● **TASK GOAL**: Print every entry below again exactly as written, skipping the pictures.

● **RECORD SET**:
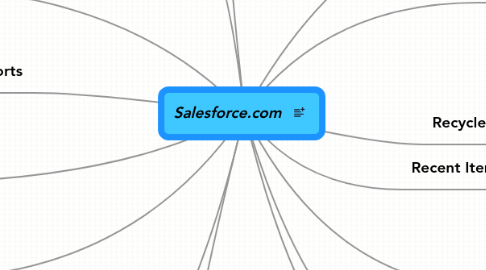 Mind Map: Salesforce.com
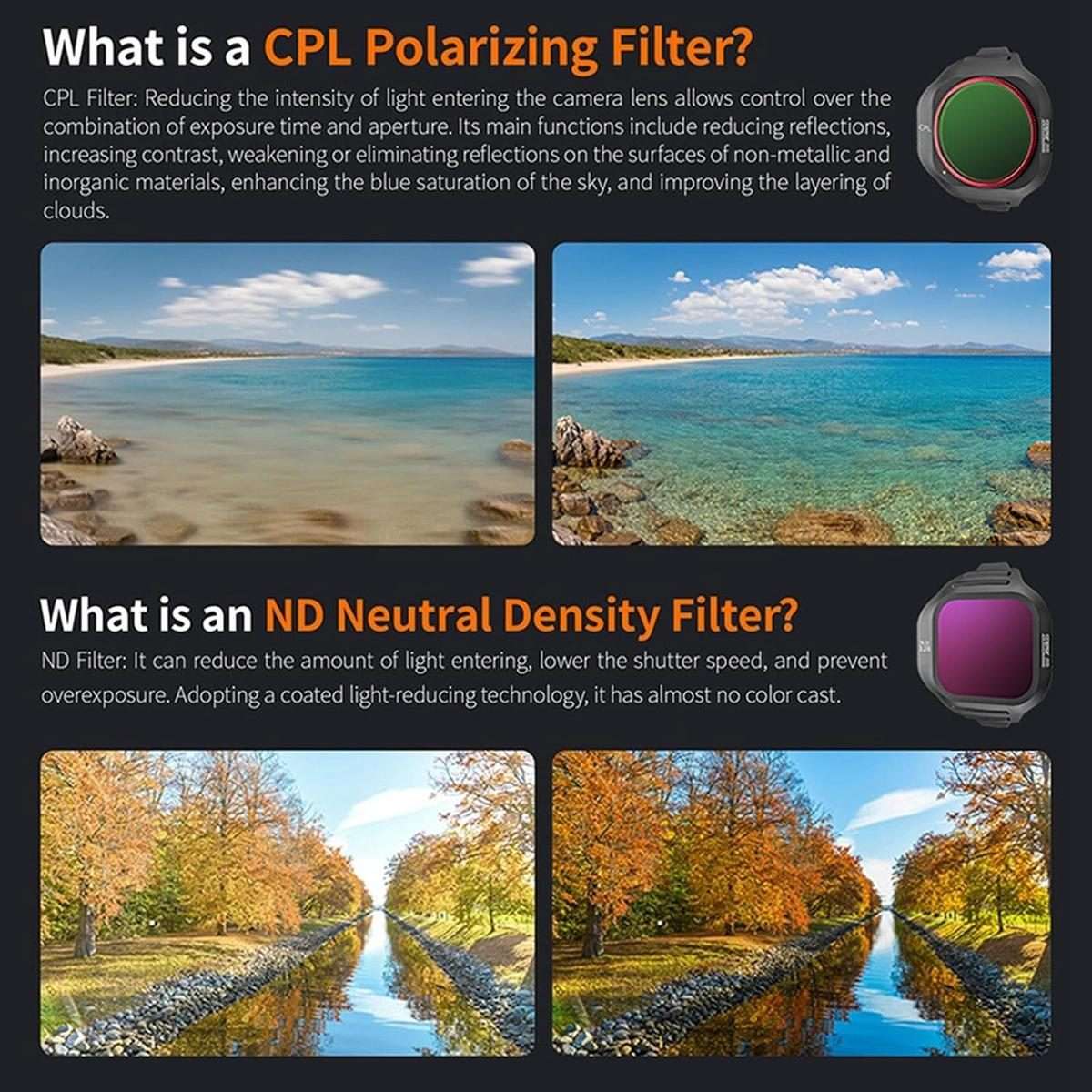 For DJI Mini 5 Pro STARTRC Camera Lens Filter, Filter:4 in 1 CPL ND8/32/128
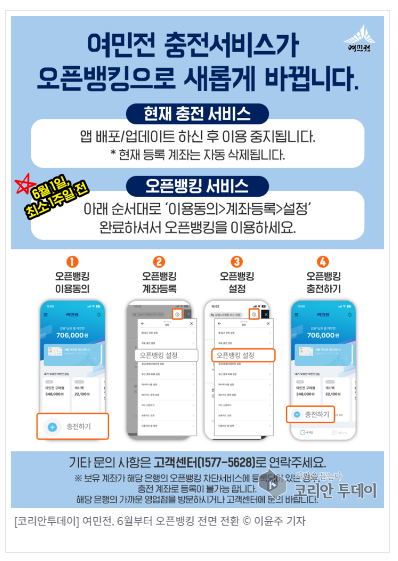여민전, 6월부터 오픈뱅킹 전면 전환 여민전, 6월부터 오픈뱅킹 전면 전환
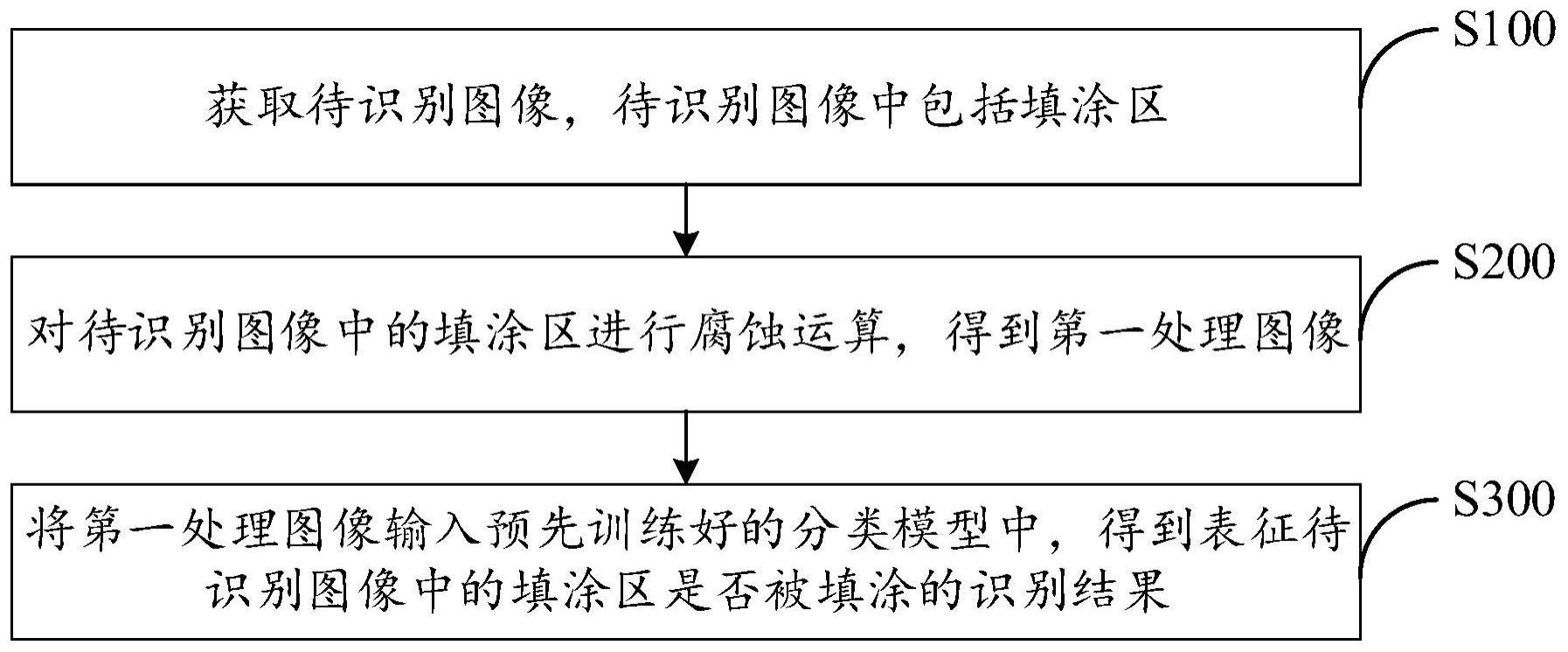 图像识别方法、装置、电子设备及计算机可读存储介质与流程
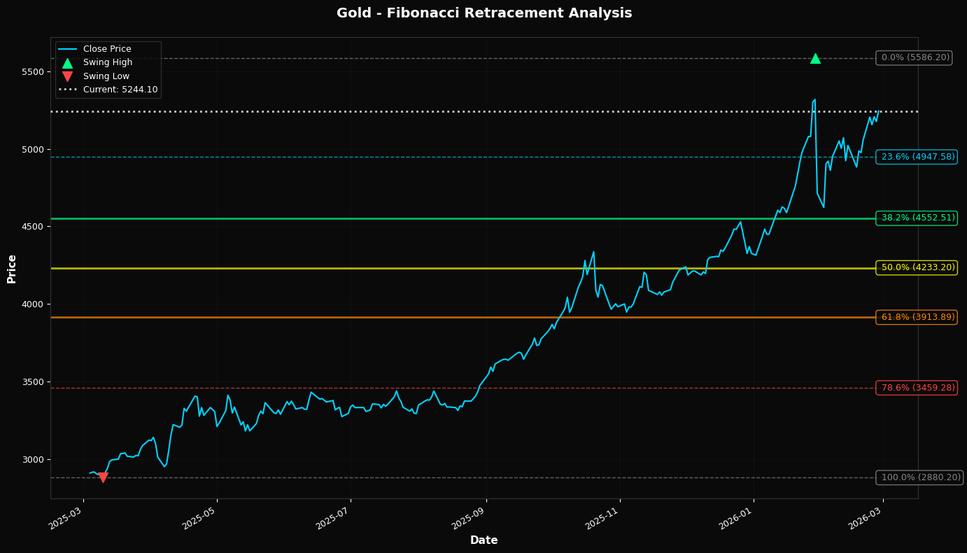 Fibonacci Retracement Chart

● **TASK RESULT**:
 Mind Map: Salesforce.com
 For DJI Mini 5 Pro STARTRC Camera Lens Filter, Filter:4 in 1 CPL ND8/32/128
여민전, 6월부터 오픈뱅킹 전면 전환 여민전, 6월부터 오픈뱅킹 전면 전환
 图像识别方法、装置、电子设备及计算机可读存储介质与流程
 Fibonacci Retracement Chart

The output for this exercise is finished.